Germany urges Greece to undertake reforms to unlock funds

By Michelle Martin

BERLIN (Reuters) – German politicians kept up the pressure on Greece over the weekend to implement reforms, with Economy Minister Sigmar Gabriel warning Athens in an interview that a third aid package would not be on the cards unless the Greeks made some changes.

Greece is fast running out of cash and talks with its lenders have been deadlocked over their demands for Greece to implement reforms, including pension cuts and labor market liberalization.

Finance Minister Wolfgang Schaeuble suggested on Monday that Greece might need a referendum to approve painful economic reforms on which its creditors are insisting, and Gabriel said such a vote might speed up decisions.

Athens has said it had no plans for a referendum at the moment.

Gabriel, head of the Social Democrats (SPD), Chancellor Angela Merkel’s junior coalition partner, stressed that the Greek government needed to take action in any case.

“A third aid package for Athens is only possible if the reforms are implemented. We can’t simply send money there,” he told the paper.

German conservative lawmaker Markus Ferber told German news magazine Der Spiegel that there was no majority in Germany for a third aid package for Greece.

Athens has depended on money from its 240 billion euro bailout by the European Union and the International Monetary Fund to pays its bills since 2010. It has not received any loan tranches since last August.

On Friday Greek Prime Minister Alexis Tsipras said Athens had found some common ground with its foreign lenders but the government would not back down from its red lines, such as no cuts to wages and pensions.
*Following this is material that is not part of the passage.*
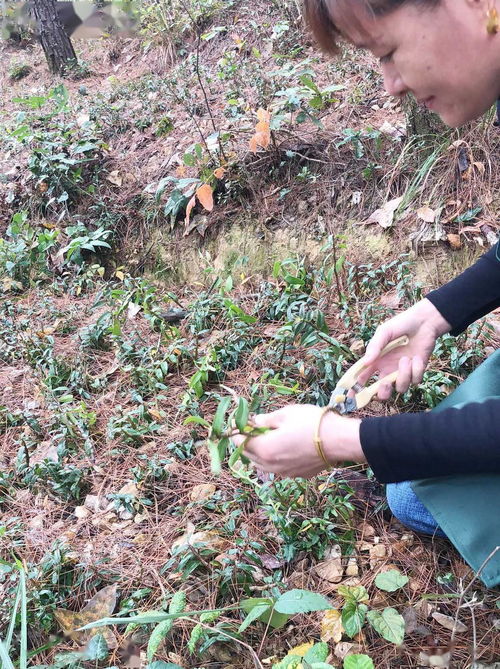 霍山石斛怎么吃？效果最佳的秘密在这里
Volker Kauder, parliamentary leader of Merkel’s conservatives, told Germany’s Welt am Sonntag newspaper that the situation was “very difficult” and “the Greeks must show that they are continuing down the agreed path”.

He added that people should not be talking about a third aid package for Athens when the final aid tranche from the second bailout had yet to be paid out.

Gabriel warned about the consequences of Greece quitting the single currency bloc, saying: “A Greek exit would not only be highly dangerous economically but also politically.”

“Nobody would have any confidence in Europe anymore if we break up in our first big crisis. We shouldn’t talk ourselves into a Grexit,” he said.

But Hans-Peter Friedrich, deputy head of the conservative parliamentary group, told Der Spiegel: “If we don’t insist on the reform commitments we’ll really damage the currency union and this damage would be bigger than if Greece ultimately left.”